26 aprile 2010. - Una rocambolesca corsa contro il tempo a bordo del suo jet privato e da uno stato all’altro degli Stati Uniti, alla ricerca di un fegato salvavita in un’America dove la donazione di organi è più affidata alla fortuna che alle regole. I dettagli inediti della drammatica odissea privata vissuta nel 2009 dal padre di Apple Steve Jobs emergono per la prima volta in un lungo articolo appena pubblicato dalla rivista americana Forbes.

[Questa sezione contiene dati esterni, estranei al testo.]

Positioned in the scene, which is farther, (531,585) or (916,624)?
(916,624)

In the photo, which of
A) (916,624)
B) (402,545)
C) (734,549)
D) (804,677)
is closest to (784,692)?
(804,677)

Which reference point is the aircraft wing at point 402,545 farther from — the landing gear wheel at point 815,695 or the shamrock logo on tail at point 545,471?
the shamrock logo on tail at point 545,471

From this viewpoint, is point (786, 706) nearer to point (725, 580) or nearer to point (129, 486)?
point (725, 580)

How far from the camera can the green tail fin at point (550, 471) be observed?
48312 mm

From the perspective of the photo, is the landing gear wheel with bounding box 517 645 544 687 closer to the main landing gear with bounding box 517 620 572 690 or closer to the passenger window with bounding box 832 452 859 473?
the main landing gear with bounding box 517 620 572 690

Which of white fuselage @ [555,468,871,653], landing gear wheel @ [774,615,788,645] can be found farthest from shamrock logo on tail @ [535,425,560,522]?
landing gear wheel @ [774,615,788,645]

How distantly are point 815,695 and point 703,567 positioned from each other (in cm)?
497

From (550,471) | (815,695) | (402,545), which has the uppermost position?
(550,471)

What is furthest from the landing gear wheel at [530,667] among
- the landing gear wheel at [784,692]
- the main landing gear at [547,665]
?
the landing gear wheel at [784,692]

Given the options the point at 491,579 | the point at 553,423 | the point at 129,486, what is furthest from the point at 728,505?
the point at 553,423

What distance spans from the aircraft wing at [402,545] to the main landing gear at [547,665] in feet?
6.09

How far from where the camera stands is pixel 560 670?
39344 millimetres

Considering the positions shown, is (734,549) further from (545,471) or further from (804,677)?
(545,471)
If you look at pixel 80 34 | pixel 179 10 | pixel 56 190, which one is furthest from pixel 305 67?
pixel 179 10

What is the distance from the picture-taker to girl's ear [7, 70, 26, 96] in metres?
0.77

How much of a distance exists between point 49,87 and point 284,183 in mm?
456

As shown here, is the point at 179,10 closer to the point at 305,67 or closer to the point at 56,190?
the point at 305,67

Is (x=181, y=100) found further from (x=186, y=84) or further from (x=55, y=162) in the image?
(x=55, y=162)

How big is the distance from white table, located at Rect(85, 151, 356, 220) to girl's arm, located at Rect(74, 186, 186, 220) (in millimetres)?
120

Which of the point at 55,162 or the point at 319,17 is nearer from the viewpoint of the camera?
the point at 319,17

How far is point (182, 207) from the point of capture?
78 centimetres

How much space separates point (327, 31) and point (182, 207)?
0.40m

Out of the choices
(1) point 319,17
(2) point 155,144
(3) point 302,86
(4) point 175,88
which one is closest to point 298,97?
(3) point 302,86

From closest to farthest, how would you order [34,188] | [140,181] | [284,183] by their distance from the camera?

Tutto inizia nell’estate del 2008, quando Jobs sciocca la platea della conferenza Apple a San Francisco salendo sul palco emaciato e visibilmente malatissimo. «Il suo stato di salute era talmente grave — scrive Forbes — da spingere Dan Lyons ad interrompere il suo celebre blog satirico anti-Jobs, per non prendere in giro un moribondo». Nei mesi successivi la macchina di pubbliche relazioni del colosso di Cupertino cerca in tutti i modi di tamponare i gossip, parlando prima di «comune virus» e più tardi di «squilibrio ormonale». La verità, si scopre, era ben altra.

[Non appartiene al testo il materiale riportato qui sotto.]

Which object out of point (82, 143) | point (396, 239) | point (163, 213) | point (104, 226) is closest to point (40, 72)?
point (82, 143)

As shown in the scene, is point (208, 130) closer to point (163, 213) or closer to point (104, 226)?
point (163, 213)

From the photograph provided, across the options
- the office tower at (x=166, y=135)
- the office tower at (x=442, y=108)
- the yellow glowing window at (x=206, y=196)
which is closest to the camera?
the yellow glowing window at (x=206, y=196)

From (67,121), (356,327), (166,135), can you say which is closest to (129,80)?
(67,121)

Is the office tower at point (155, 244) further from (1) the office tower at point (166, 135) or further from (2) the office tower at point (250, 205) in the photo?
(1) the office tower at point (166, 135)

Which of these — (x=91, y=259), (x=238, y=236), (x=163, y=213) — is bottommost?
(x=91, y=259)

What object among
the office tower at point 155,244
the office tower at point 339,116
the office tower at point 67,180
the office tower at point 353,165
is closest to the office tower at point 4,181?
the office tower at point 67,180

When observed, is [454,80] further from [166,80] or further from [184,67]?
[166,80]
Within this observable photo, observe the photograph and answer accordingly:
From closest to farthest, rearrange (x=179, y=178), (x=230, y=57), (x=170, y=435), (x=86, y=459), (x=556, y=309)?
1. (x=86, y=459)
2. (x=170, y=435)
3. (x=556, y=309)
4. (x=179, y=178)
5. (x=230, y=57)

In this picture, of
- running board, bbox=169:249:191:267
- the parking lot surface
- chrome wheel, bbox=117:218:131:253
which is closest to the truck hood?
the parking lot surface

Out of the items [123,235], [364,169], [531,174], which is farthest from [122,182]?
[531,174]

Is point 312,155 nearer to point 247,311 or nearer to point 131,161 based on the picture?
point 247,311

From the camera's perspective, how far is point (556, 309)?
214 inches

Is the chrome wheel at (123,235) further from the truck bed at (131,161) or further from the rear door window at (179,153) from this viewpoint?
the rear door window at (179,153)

Già reduce da un tumore maligno al pancreas, Jobs rischiava di morire se non si fosse immediatamente sottoposto ad un trapianto del fegato. Ma l’impresa si rivela difficilissima. Insieme a lui, oltre 3.400 californiani erano in lista d’attesa per un nuovo fegato nel 2009. Di questi, soltanto 671 sono riusciti nel loro intento. E 400 sono morti. Tra gennaio e marzo del 2009, Jobs si imbarca in un disperato tour de force, precluso ai comuni mortali. Con il suo jet privato attraversa in lungo e in largo gli Stati Uniti, sborsando cifre da capogiro a medici ed ospedali per iscriversi al più alto numero possibile di liste di attesa.

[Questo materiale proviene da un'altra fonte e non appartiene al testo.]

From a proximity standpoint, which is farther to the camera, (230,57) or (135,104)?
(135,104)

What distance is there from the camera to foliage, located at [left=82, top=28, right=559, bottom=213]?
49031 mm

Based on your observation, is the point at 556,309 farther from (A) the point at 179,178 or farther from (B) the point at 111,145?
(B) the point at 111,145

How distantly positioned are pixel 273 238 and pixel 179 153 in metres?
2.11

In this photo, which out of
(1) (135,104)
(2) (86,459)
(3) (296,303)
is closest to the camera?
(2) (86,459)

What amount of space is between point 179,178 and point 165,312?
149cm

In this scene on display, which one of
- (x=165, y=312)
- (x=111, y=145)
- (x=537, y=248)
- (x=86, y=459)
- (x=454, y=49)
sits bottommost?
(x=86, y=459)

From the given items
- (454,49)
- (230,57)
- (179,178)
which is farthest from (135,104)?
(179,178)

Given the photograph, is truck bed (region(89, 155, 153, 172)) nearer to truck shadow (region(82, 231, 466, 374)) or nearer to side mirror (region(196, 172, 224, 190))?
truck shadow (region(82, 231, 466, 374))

La pratica, nota in America come multiple-listing, permette ai malati molto ricchi di aumentare le proprie chance di ricevere un trapianto in un paese dove i donatori sono assai meno dei beneficiari e, nell’assegnare un organo, gli ospedali danno la precedenza alle proprie liste d’attesa «statali», prima di consultare il registro nazionale. In ognuno di questi ospedali, Jobs è costretto a ripetere ex novo l’estenuante e costosissima batteria di test, consulti e check-up. Un’opzione proibita all’americano medio visto che le polizze assicurative rimborsano, al massimo, una sola immatricolazione. All’inizio di marzo, finalmente, arriva il miracolo. Uno degli ospedali dove Jobs si è iscritto, il Methodist University Hospital di Memphis, in Tennessee, ha un fegato per lui: appartiene a un ragazzo di vent’anni, deceduto in un incidente stradale

Nel giro di 24 ore i suoi legali acquistano una magione da un milione e mezzo di dollari nel quartiere più elegante di Memphis che, dopo il trapianto, gli consentirà di passare la lunga convalescenza vicino all’ospedale. Il resto è storia. Grazie all’incessante lobby condotta personalmente da Jobs sul governatore Schwarzenegger e la moglie Maria Shriver, la California sta per diventare il primo Stato americano a creare un registro di donatori viventi, obbligando i guidatori, prima del rinnovo della patente, a scegliere se diventarlo.